### Directions
Among the entries that follow, the required portion opens with the line containing "klima183.at/rueckblick-tag…" and closes with the line containing "#183stundenfuerdasklima #Klimaschutzgesetz #klimakrise". Give that portion again exactly, and nothing else.

### Supplied records
=-=-=
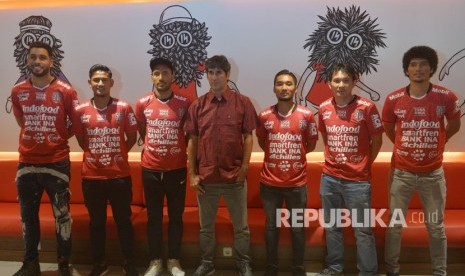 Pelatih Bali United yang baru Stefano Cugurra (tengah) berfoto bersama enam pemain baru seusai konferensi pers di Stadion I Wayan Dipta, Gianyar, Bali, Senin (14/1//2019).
=-=-=
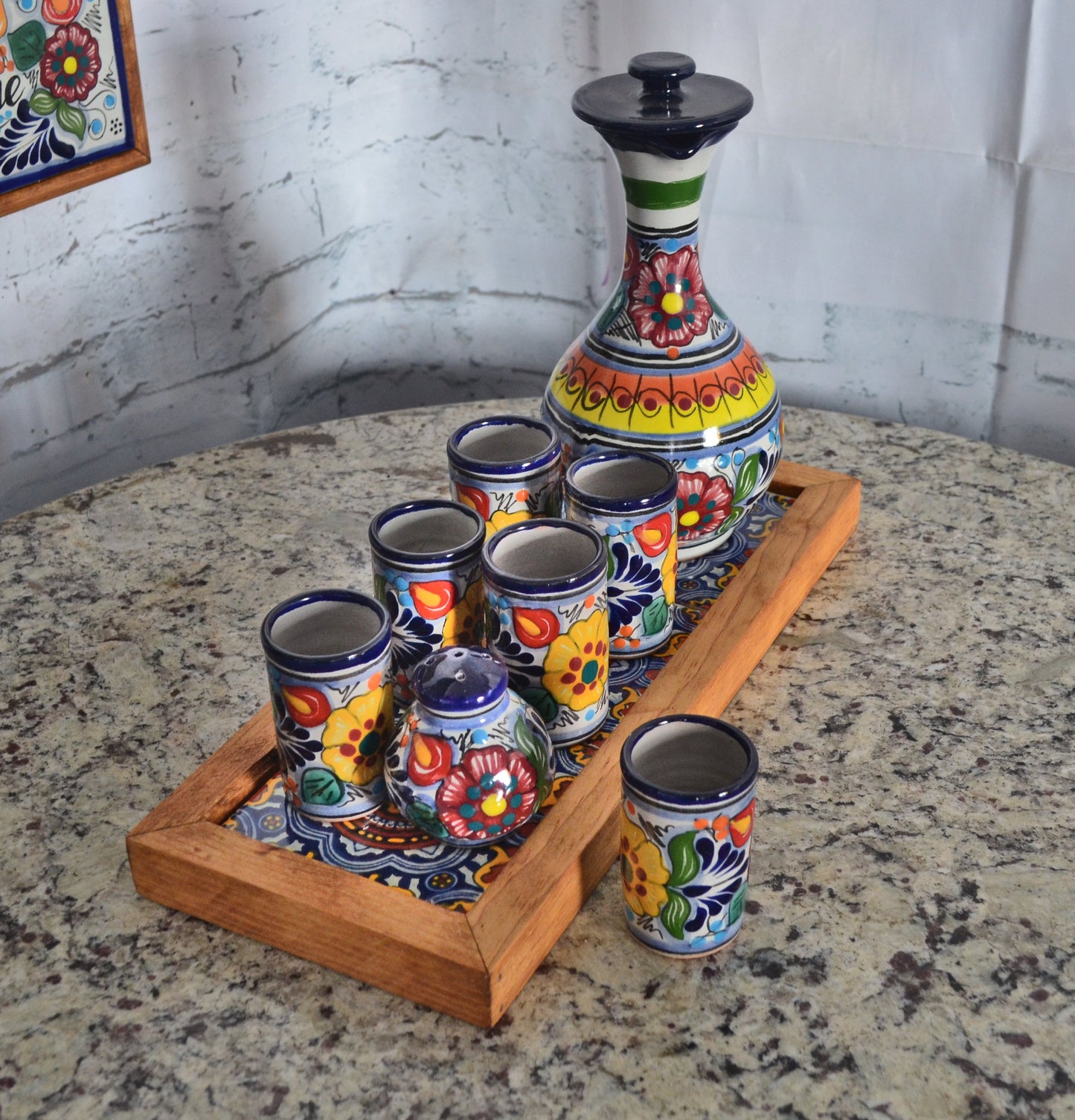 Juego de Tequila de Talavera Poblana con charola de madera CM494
=-=-=
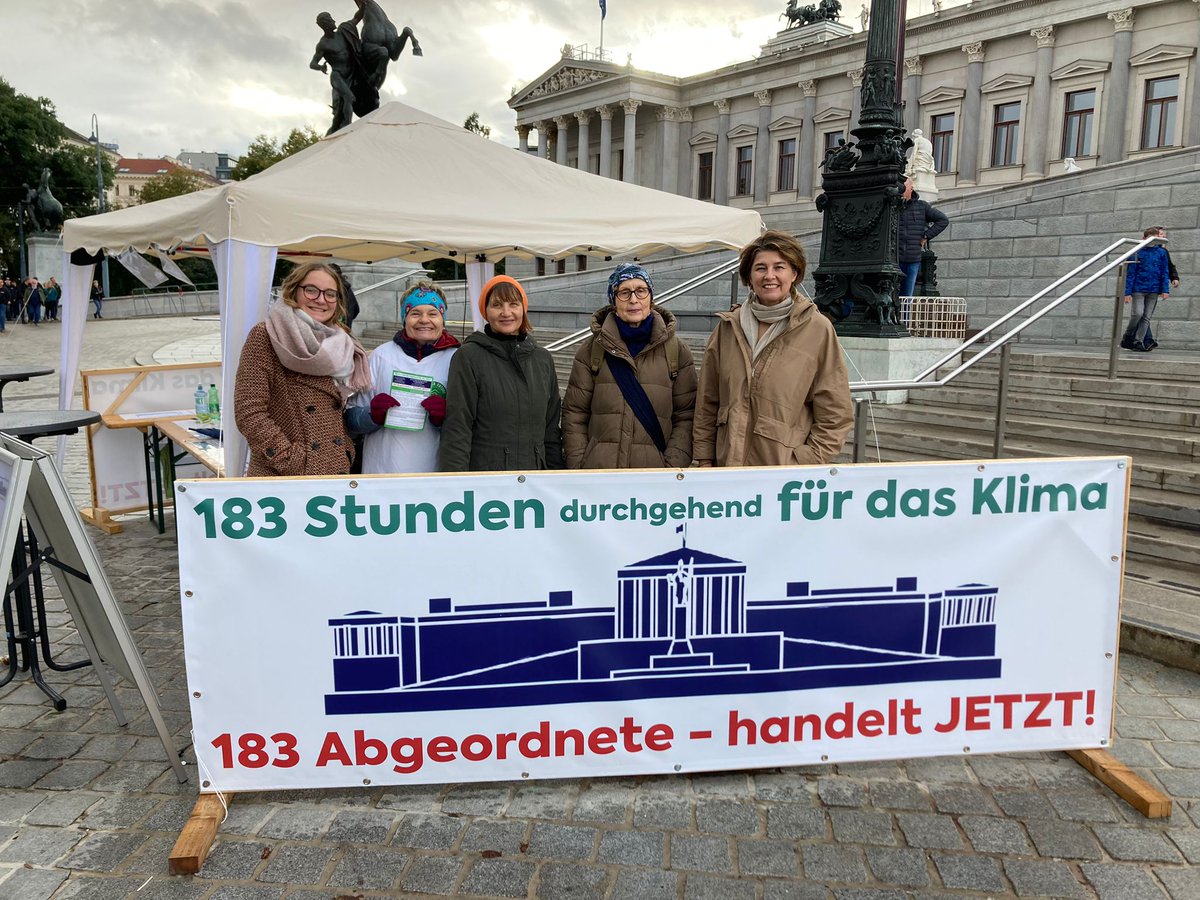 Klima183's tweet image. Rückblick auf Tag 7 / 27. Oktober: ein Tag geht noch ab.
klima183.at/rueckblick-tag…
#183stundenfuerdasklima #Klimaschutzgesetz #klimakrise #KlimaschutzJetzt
=-=-=
### Solved exercise
klima183.at/rueckblick-tag…
#183stundenfuerdasklima #Klimaschutzgesetz #klimakrise #KlimaschutzJetzt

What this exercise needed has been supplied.